# This is ridiculous



## SpectreTTM (Aug 22, 2005)

Any thougts on this ?

http://www.thebostonchannel.com/news/5195326/detail.html

I wonder if the letter was from "Don of the Dead's friend form the 
church next door


----------



## claymud (Aug 21, 2005)

I can see why they saw they cancelled it. Its the one thing thats been take over out world this day, Political correctness. 
Of coures I don't think you can throw a stone these days without offending some religion anyways... Jez thats stupid.


----------



## dougspaulding (May 22, 2004)

So basically they're celebrating Halloween 5 days late and calling it a "Fall Festival". I think that's a pretty clever way to skirt around the idiots who objected to the festivities, although it's sad to miss the celebration on the real day.

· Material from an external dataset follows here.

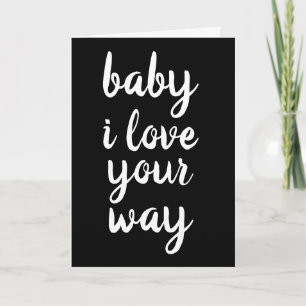 Tarjetas de felicitación ROMÁNTICAS BEBÉ ME ENCANT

Uninformed morons who make decisions based on their ignorance infuriate me. People who follow the teaching of a "faith-based group" blindly and unquestioningly _are_ these morons.

Question all authority! It's the only intelligent thing to do!


----------



## SpectreTTM (Aug 22, 2005)

I just can't believe what this country has become. What happened to majority rules in this country? We have gone so PC that we are afraid to offend anyone. What is next "Festivas"?

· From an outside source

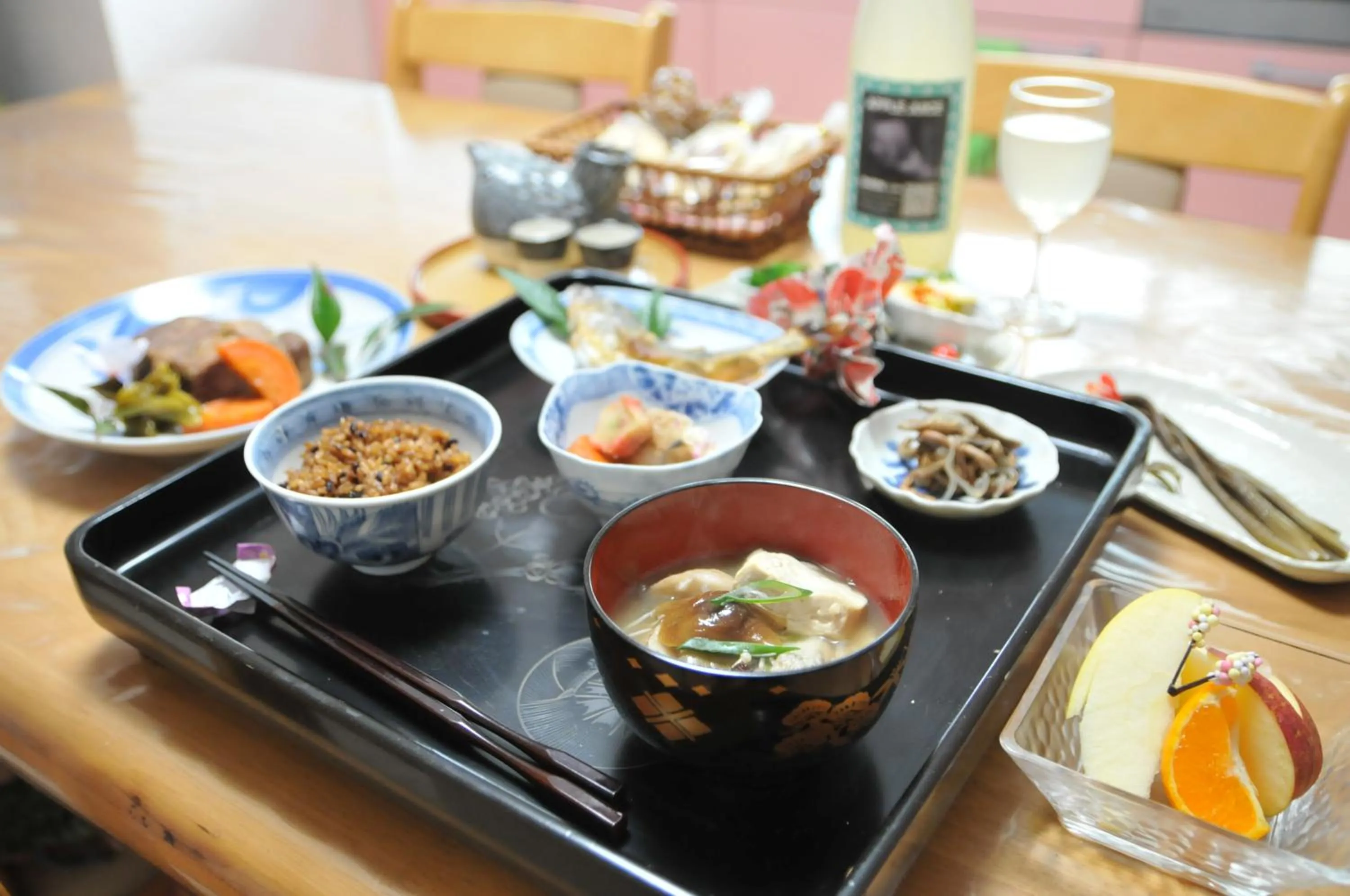 Food close-up in Daichan Farm Guest House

South Park did a parody on how certain aspects of Christmas was offensive to some people. So when they found an aspect of their Christmas pageant that was offensive to someone they took it out. What was left at the end was a bunch of 8yr old children in dark gray leotards dancing around the stage to politically neutral music.

What people need to do now is play by the same rules as the offended parties. They should boycott school that day in protest of the change. Send a message. Maybe have their own Halloween celebration outside of the school on that day. Then maybe the school would realize how ridiculous it is to make policy to not offend 1 or 2 people but actually offend a few hundred.

Here is the reults of their online Poll

*A Newton, Mass., school canceled Halloween celebrations because some say 
it offends religious beliefs. Was the school right to cancel the holiday?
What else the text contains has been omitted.